Like most structural changes in technology, it began quietly. Two years ago, a line item in a hyperscaler’s capital expenditure breakdown was hardly worth looking at, but now it looks more like a siege than a budget. The unglamorous workhorses of computing, memory chips, are devouring the cloud industry. According to semi-analysis data, memory will account for roughly 30% of all hyperscaler capital expenditures in 2026, up from roughly 8% in 2023 and 2024. That is a nearly four-fold increase in just four years, and it continues to rise.

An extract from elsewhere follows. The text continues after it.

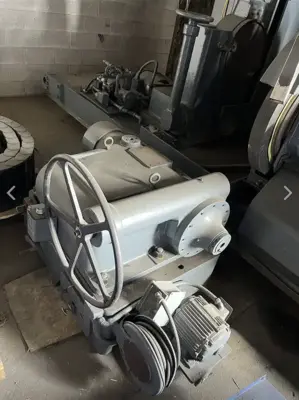 CINCINNATI 36" x 192" Roll Grinder Roll Grinders | Machine Tool Emporium (21)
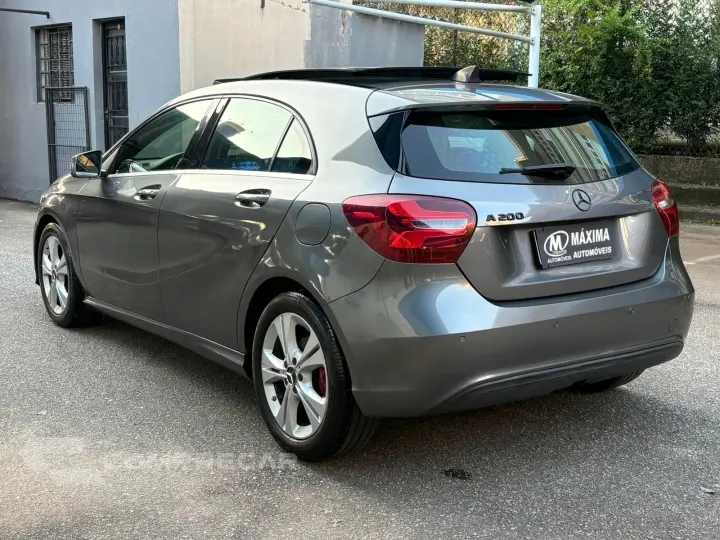 A 200 1.6 CGI 7g-dct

You can practically feel it if you stroll through any significant server hall that is being built this year. Tucked behind every Nvidia or AMD chip is a tower of stacked memory that often costs more than the silicon performing the calculations, but the racks of accelerators and the GPUs receive the media attention.
| Information | Details |
|---|---|
| Topic | Hyperscaler consumption of global memory chip supply |
| Year of Reference | Calendar Year 2026 |
| Memory Share of Hyperscaler Capex (CY23–CY24) | Roughly 8% |
| Projected Memory Share (CY26) | Approximately 30% |
| Projected Trend (CY27) | Higher still, with continued ASP growth |
| Total Incremental Hyperscaler Spend (CY26) | Around $250 billion |
| Key Memory Categories Affected | DRAM, HBM, LPDDR5, NAND flash, DDR4 |
| LPDDR5 Open-Market Price (Q1 2026 est.) | Likely above $10 per GB |
| DDR5 64GB RDIMM Price (End of 2026) | Up to twice the early-2025 level |
| Samsung Memory Price Increase Since Sept 2025 | Up to 60% |
| Major Memory Suppliers | Samsung, SK Hynix, Micron |
| Major Hyperscaler Buyers | Microsoft, Google, ByteDance, Alibaba |
| Expected Supply Normalization | 2027–2028 |
| Smartphone Shipment Outlook (2026) | Expected to decline |
Through 2027, there will still be a shortage of HBM, the vertically stacked memory attached to AI accelerators. This year, DRAM prices are predicted to more than double, and next year, a double-digit increase in ASP is anticipated. Since the beginning of 2025, LPDDR5 contract prices have already tripled. Speaking with industry insiders, it seems that no one anticipated the curve would bend so sharply and quickly.
Only a portion of the story is revealed by the numbers. Hard-disk drive rationing has started in Japanese electronics stores. Shenzhen smartphone executives are quietly getting ready for what one Counterpoint analyst predicts will be a 20–30% increase in entry-level phone bill-of-materials costs. Realme and Xiaomi have alluded to price increases.

Since September 2025, Samsung has already increased the price of some memory products by up to 60%. It’s difficult to ignore the fact that the consumer end of the chain bears the brunt of the injuries.
All of this has an intriguing little twist. SemiAnalysis claims that Nvidia receives “VVP” (Very Very Preferred) pricing on DRAM, which is significantly less than what hyperscalers and the general market pay. That treatment is not applied to AMD. Additionally, it ships at lower volumes and has more memory per accelerator, making it structurally more vulnerable to price fluctuations. Scale is more than just a benefit in a market this competitive. It’s practically its own currency.
Meanwhile, economists are beginning to worry about the big picture. Greyhound Research’s Sanchit Vir Gogia described the state of affairs as a “graduation,” moving from a component-level issue to a macroeconomic risk. Analysts don’t use that phrase lightly. The parent chairman of SK Hynix stated in Seoul last month that he is concerned about completely turning away customers due to the volume of supply requests he is handling.
The Stargate project alone, which OpenAI signed with Samsung and SK Hynix in October, would eventually require nearly twice as much monthly HBM production worldwide. This type of math requires you to read the line twice.
By October, DRAM suppliers’ inventories had dropped from 13 to 17 weeks in late 2024 to just two to four weeks. It takes years to build new factories, and manufacturers are concerned about overbuilding as they did in previous cycles. Everyone waits as a result. With their solid balance sheets and long-term contracts, the hyperscalers will weather this storm. White-box manufacturers and smaller OEMs might not. As this develops, it’s easy to believe that a GPU isn’t the bottleneck in AI’s future at all. It’s the quiet little chip that no one used to discuss.